To compile this code, execute `javac`[`HelloWorld.java`](http://HelloWorld.java) in a command-line. This will generate the *HelloWorld.class* file.

The *.class* file is a binary file, so you won't be able to read it properly by simply opening this file with a text editor.

To analyze its structure let's dump the content in a hexadecimal format by running `hexdump -C HelloWorld.class > HelloWorld.hexdump`. This will output the *.class* content into a new *HelloWorld.hexdump* file.

By running `cat HelloWorld.hexdump` it will output something similar to:

![](https://cdn.hashnode.com/res/hashnode/image/upload/v1708411844953/1d1bb693-af8d-4b17-a9df-e6c51ebbaf02.webp align="center")

A good exercise that is pretty straightforward is: write a "*Hello World!*" function [in Kotlin and/or Scala, and execute](https://docs.scala-lang.org/scala3/book/taste-hello-world.html) the same steps above: compile with `kotlinc` or `scalac` and then use `hexdump` to generate a hexadecimal representation of your *.class* file.

You will see that each output file is slightly different but all of them follows the same structure and the same runtime concepts apply to all.

A *.class* file follows the [*Unix binary file definition*. Looking to the first line](http://www.linfo.org/binary_file.html) we have:

> *00000000 ca fe ba be 00 00 00 34 00 1d 0a 00 06 00 0f 09 |…….4……..|*

Remember that a *.class* file "*is a stream of 8-bit bytes*"? So, from left to right, grouping bytes we have:

* **00000000** as the memory address where the following 16 bytes are allocated
    
* **ca fe ba be** as the magic number that indicates this file is a Java binary
    
* **00 00** as the minor version of the *.class* file format
    
* **00 34** as the major version of the *.class* file format
    
* **00 1d** as the constant poll count
    
* **0a 00 06 00 0f 09** as the initial information of the constant poll
    

We are not going to evaluate every bit of this file.
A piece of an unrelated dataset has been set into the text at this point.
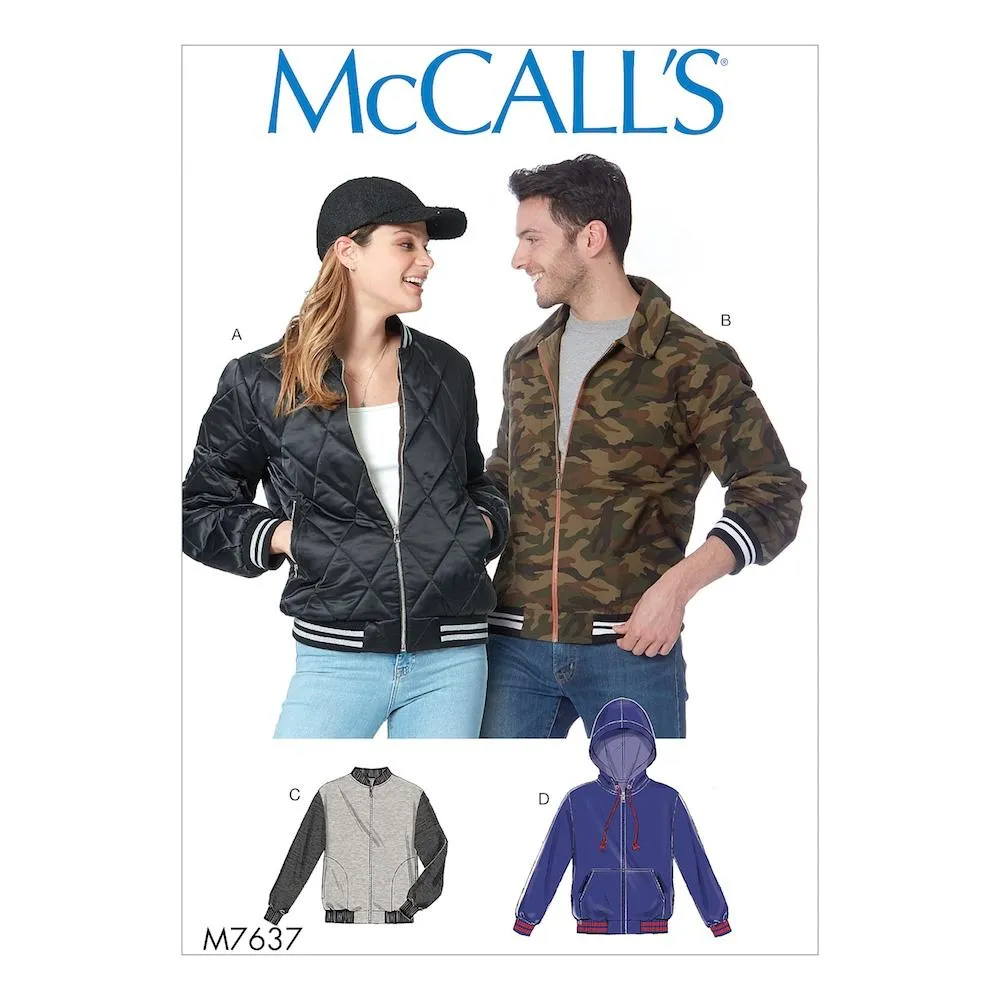 McCall's Pattern M7637 Misses' and Men's bomber Jackets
However, it is important to know that a valid *.class* file has this structure:

* *8-bit* magic number
    
* *4-bit* minor\_version
    
* *4-bit* major\_version
    
* *4-bit* constant\_pool\_count
    
* *N-bit* constant\_pool\[constant\_pool\_count-1\]
    
* *4-bit* access\_flags
    
* *4-bit* this\_class
    
* *4-bit* super\_class
    
* *4-bit* interfaces\_count
    
* *4-bit* interfaces\[interfaces\_count\]
    
* *4-bit* fields\_count
    
* *N-bit* fields\[fields\_count\]
    
* *4-bit* methods\_count
    
* *N-bit* methods\[methods\_count\]
    
* *4-bit* attributes\_count
    
* *N-bit* attributes\[attributes\_count\]
    

The *N-bit* represents a dynamic size that varies accordingly with the class structure and members.

![](https://cdn.hashnode.com/res/hashnode/image/upload/v1708412193946/19bde36a-6ccd-4257-ae2b-f544196a10d6.webp align="center")
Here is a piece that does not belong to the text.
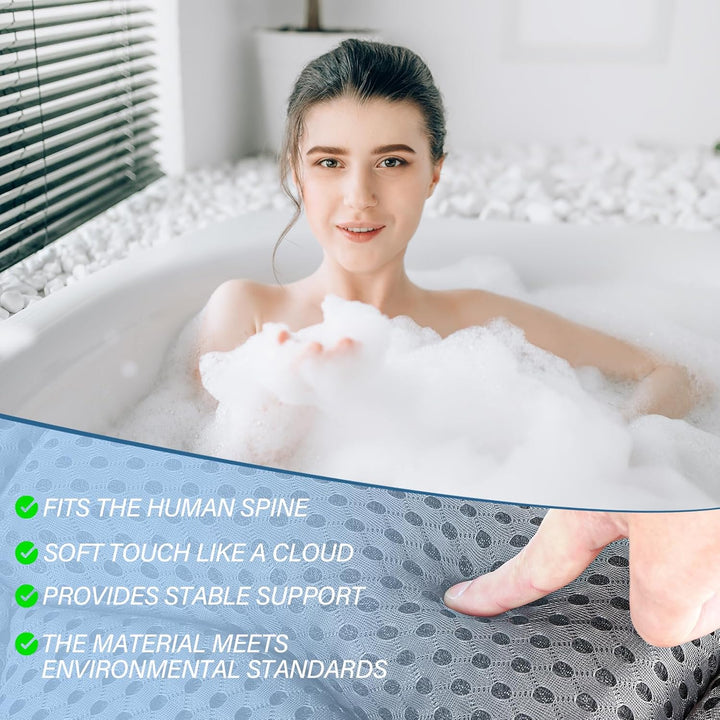 Zikenis Badewannenkissen mit 2 Starken Saugnäpfen, Badekissen für Badewanne mit 4D-Air-Mesh-Technolo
Running `javap -c HelloWorld > HelloWorld.bytecode`\` we can output the *bytecode* in a more human-readable format:

![](https://cdn.hashnode.com/res/hashnode/image/upload/v1708412238594/dd0a20b3-15bc-472e-9e68-52ee67a5e31e.webp align="center")

Each instruction in this representation is an *opcode* — a predefined instruction that represents the type, the operation, the interactions between local variables, the constant poll, and the stack.

All instructions are predefined and specified by the [*Java Virtual Machine Specification*](https://docs.oracle.com/javase/specs/jvms/se8/jvms8.pdf) (chapter 6).

### The Execution

The execution of a class or interface consists of three processes: *loading*, *linking* and *initializing*.

*Loading* is the process of finding the proper binary representation with a particular name and creating a class or interface from that representation.

*Linking* is the process of taking a class or interface and combining it into the runtime state of the Java Virtual Machine so that it can be executed.

*Initializing* is the process of execution of the *&lt;clinit&gt;* method of a given class or interface.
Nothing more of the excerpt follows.